Number of questions for Obama town hall on Google+ approaching a record

Google+ is still trailing Facebook and Twitter as a social networking site, but when it comes to government-citizen engagement the new online forum may have an edge.

As of 3 p.m. Wednesday, four days before a post-State of the Union town hall event planned for Monday on the social networking site, supporters and critics had posted about 100,000 questions for President Obama. That number far outshines the roughly 60,000 questions logged the day before a Twitter town hall in July 2011.

Then again, that participation level may be because Google+ is gathering questions through its sister site YouTube, a far more popular networking site than Twitter.

About 70 percent of U.S. adults online use YouTube or other video sharing sites such as Vimeo, according to a July 2011 report by the Pew Internet and American Life Project. Nearly 30 percent use one of those sites most days, the study noted, but it didn't break out data specifically on YouTube users.

By contrast, only 13 percent of Americans online use Twitter, according to a separate Pew report. About 90 percent of social network users and 59 percent of all Americans online were using Facebook as of August, according to Lee Rainie, director of the Pew Internet and American Life Project.

The White House plans to conduct the town hall using Google+'s hangout feature, with some selected participants asking their questions live and other questions submitted via video or text. The town hall will be streamed on YouTube.

Users posted 140,000 questions for Obama in advance of a 2011 YouTube town hall, which also was scheduled in connection with a State of the Union address.

Google+ users vetting proposed questions for the upcoming town hall had cast more than 1.2 million up or down votes by Wednesday afternoon.

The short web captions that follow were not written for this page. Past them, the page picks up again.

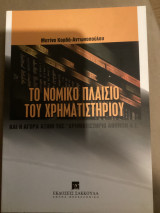 Το νομικό πλαίσιο του χρηματιστηρίου: και η αγορά αξιών της "Χρηματιστήριο Αθηνών Α.Ε."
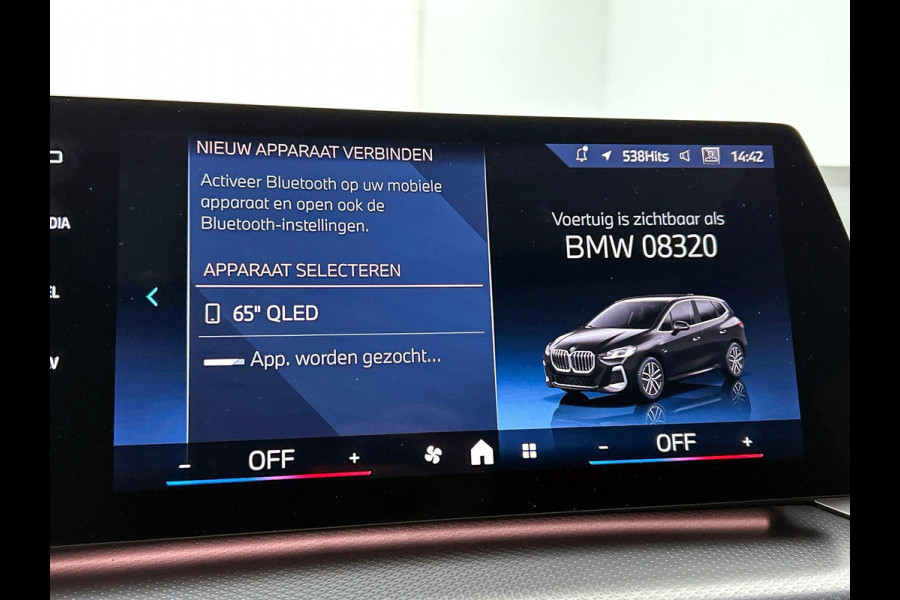 BMW 2 Serie Active Tourer Plug-In 225e xDrive M-SPORT | PANO | PREMIUM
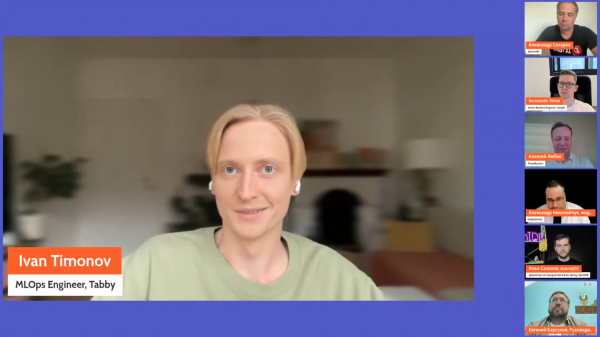 Иван Тимонов, DevOps/MLOps-инженер Иван Тимонов, DevOps/MLOps-инженер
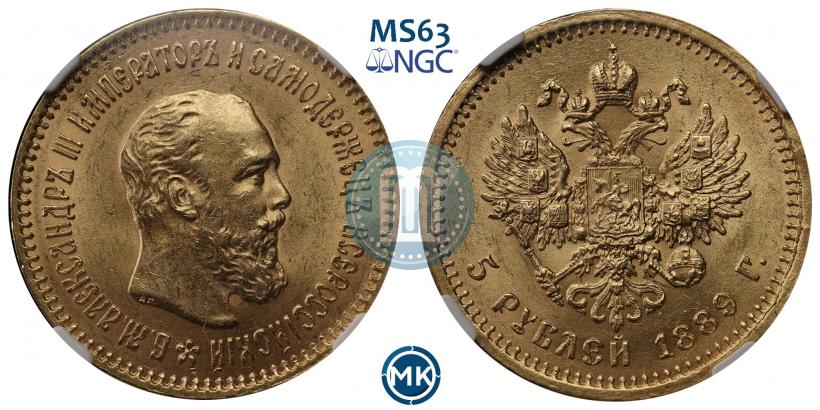 Фото 5 рублей 1889 года (АГ)-А.Г. 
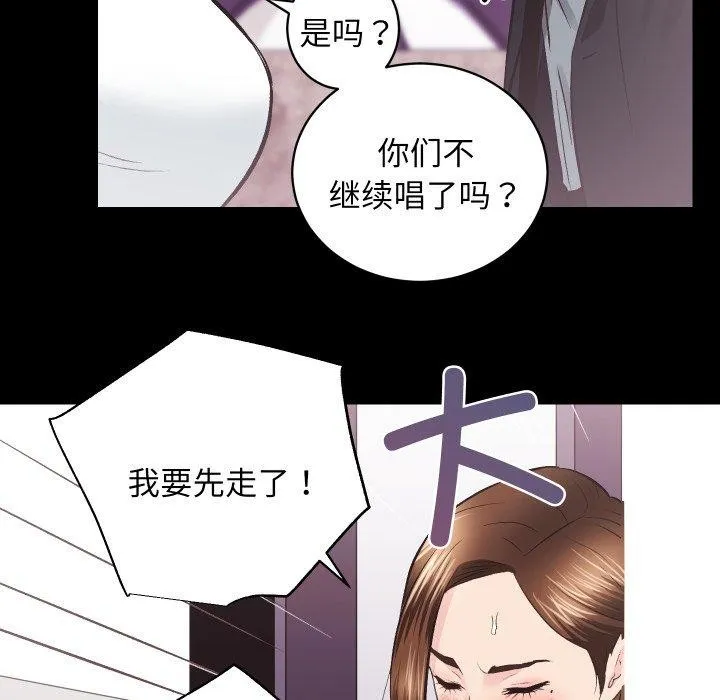 房产姐妹花 第24話 第29页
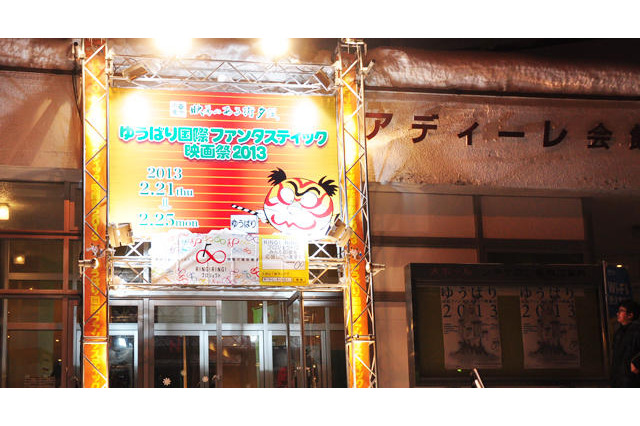 【ゆうばり国際映画祭】大雪で波乱のオープニング 2月21-25日 画像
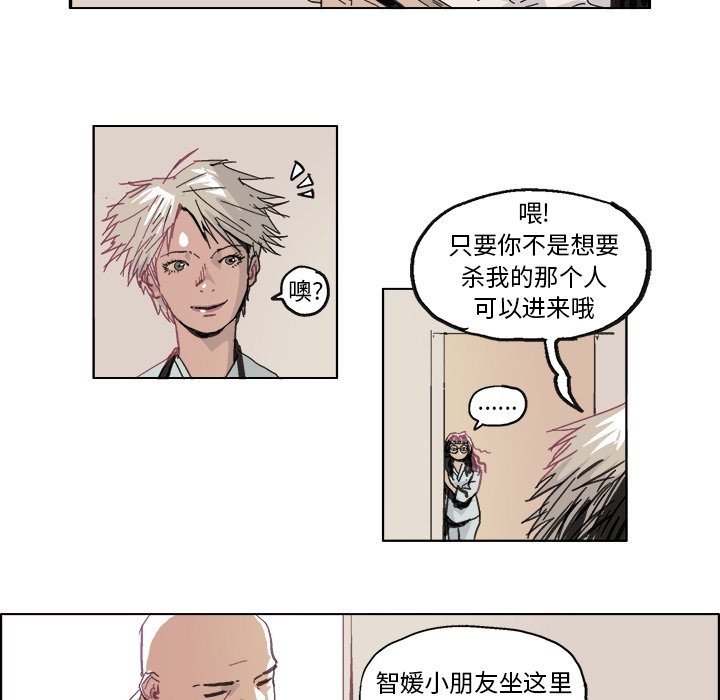 第10话 第 11 页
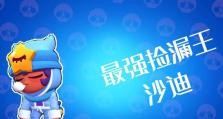 荒野乱斗沙迪技能及打法一览（解析沙迪技能，让你成为最强玩家）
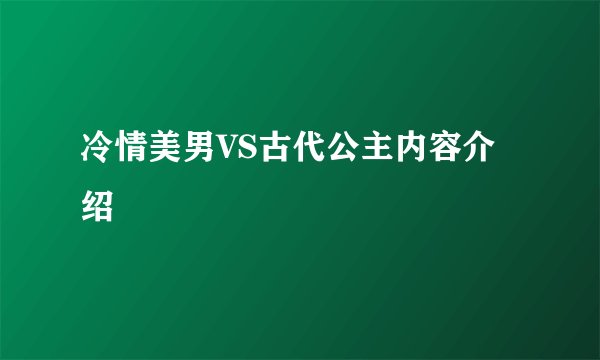 冷情美男VS古代公主内容介绍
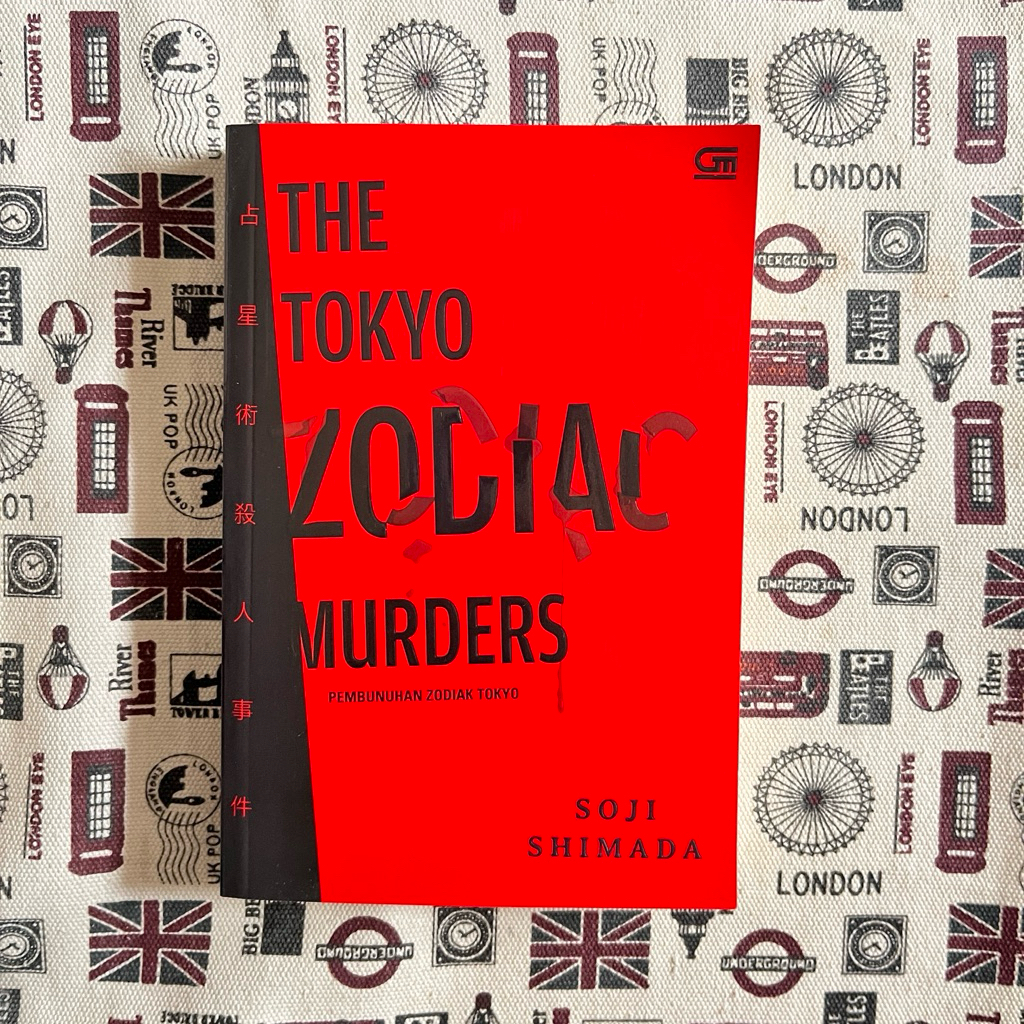 [PRELOVED] The Tokyo Zodiac Murders (Pembunuhan Zodiak Tokyo) - Soji Shimada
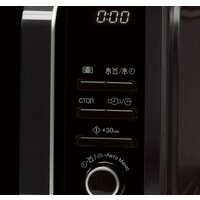 Микроволновая печь Sharp R-2852RK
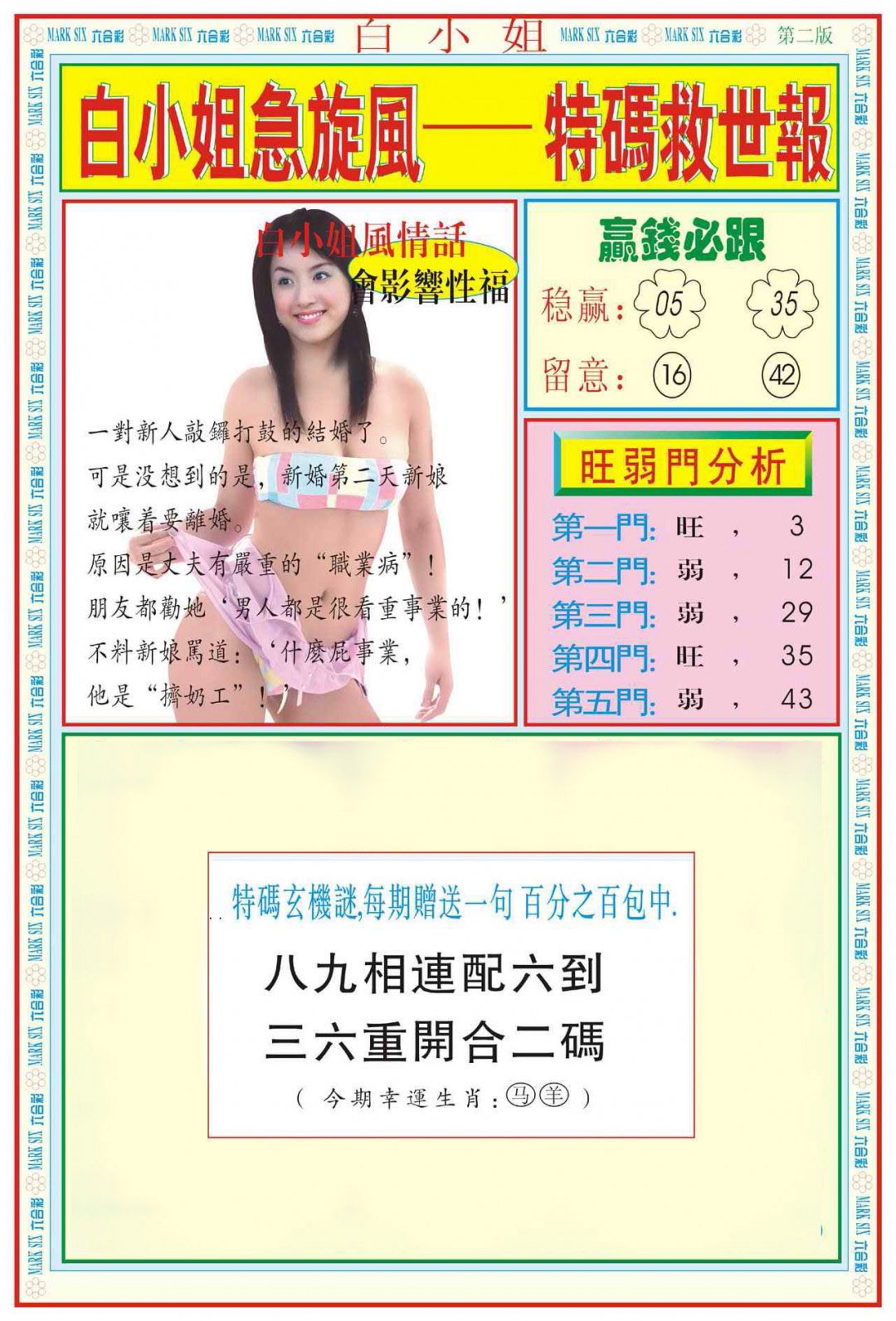 030期白小姐急旋风B[图]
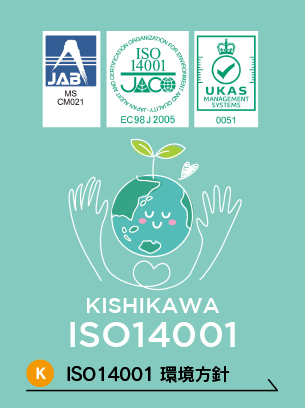 岸川商事 ISO14001 環境方針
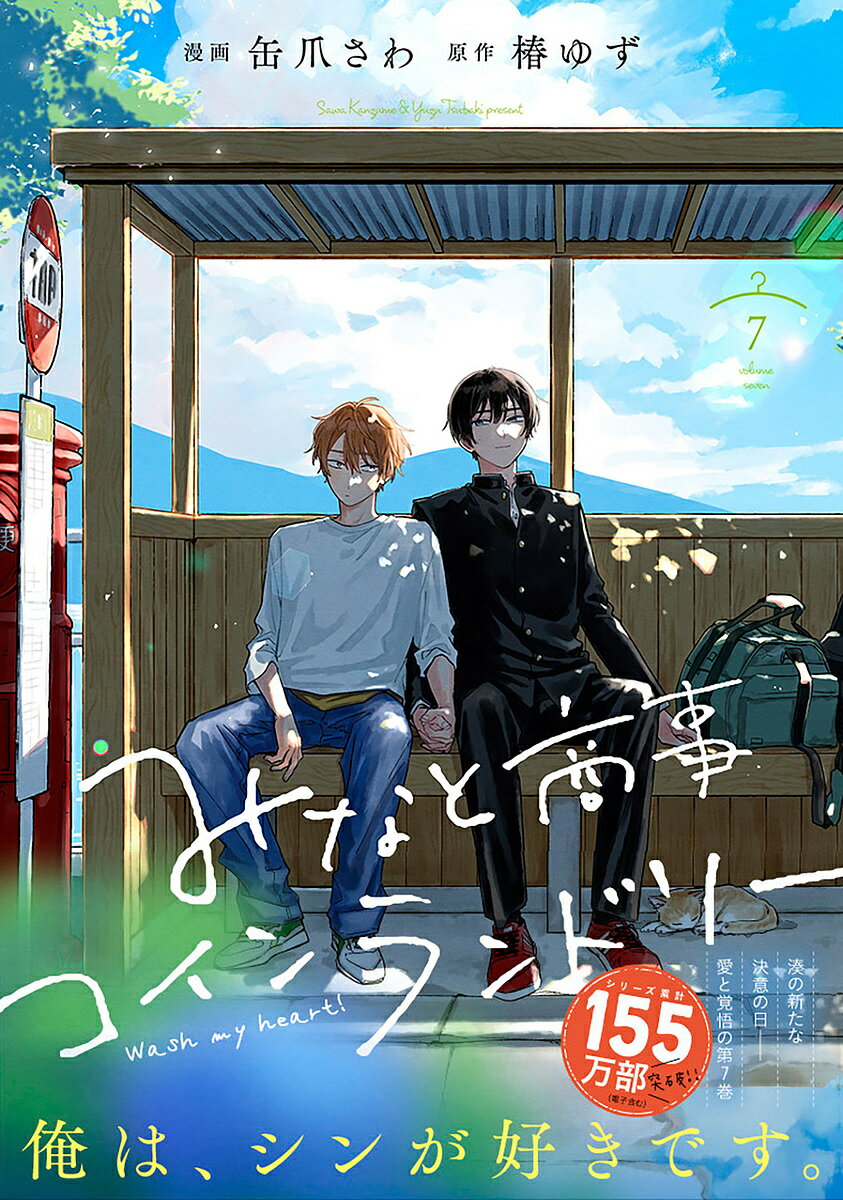 【送料無料】〔予約〕みなと商事コインランドリー 7(7) ／缶爪さわ椿ゆず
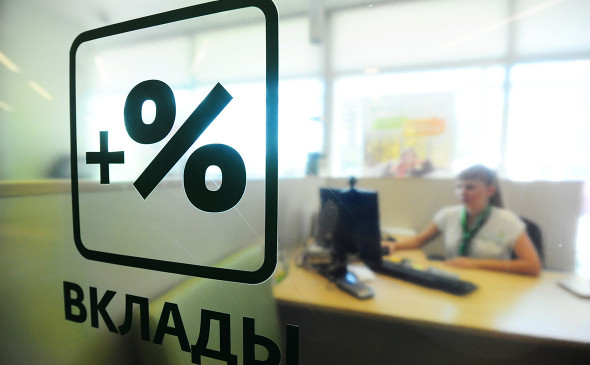 ru_rbc's tweet photo. Из-за роста ставок у 10 млн россиян по итогам 2022 года может возникнуть обязанность платить новый налог со вкладов, подсчитали в Ассоциации банков России. Изначально он позиционировался как налог на вклады выше 1 млн руб., но ситуация изменилась.
https://t.co/Qyjn0RWtKJ https://t.co/czfbG3hsPs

Three of the most popular questions addressed the House's Stop Online Piracy Act and the Senate's Protect Intellectual Property Act. Those bills are aimed at ramping up online copyright protections and have been strongly opposed by most Internet companies and online activists. Lawmakers shelved both bills Friday after a daylong protest online by Wikipedia, Google and other Internet heavyweights.

Rounding out the top five were questions on the 2012 National Defense Authorization Act's approval of indefinite detention for some accused terrorists and the war on drugs, a popular mainstay of the White House's forays into social media.

YouTube officials will select questions for the Google+ town hall among the submissions that were most popular with voters on the site, a spokeswoman told Nextgov. They'll try to have a rough balance of text, video and live questions, she said, and to represent all five major categories -- jobs and economy, foreign policy, education, government reform, and financial reform.

A note on the YouTube site says White House staff won't participate in selecting interview questions and the president won't see the chosen questions before the event.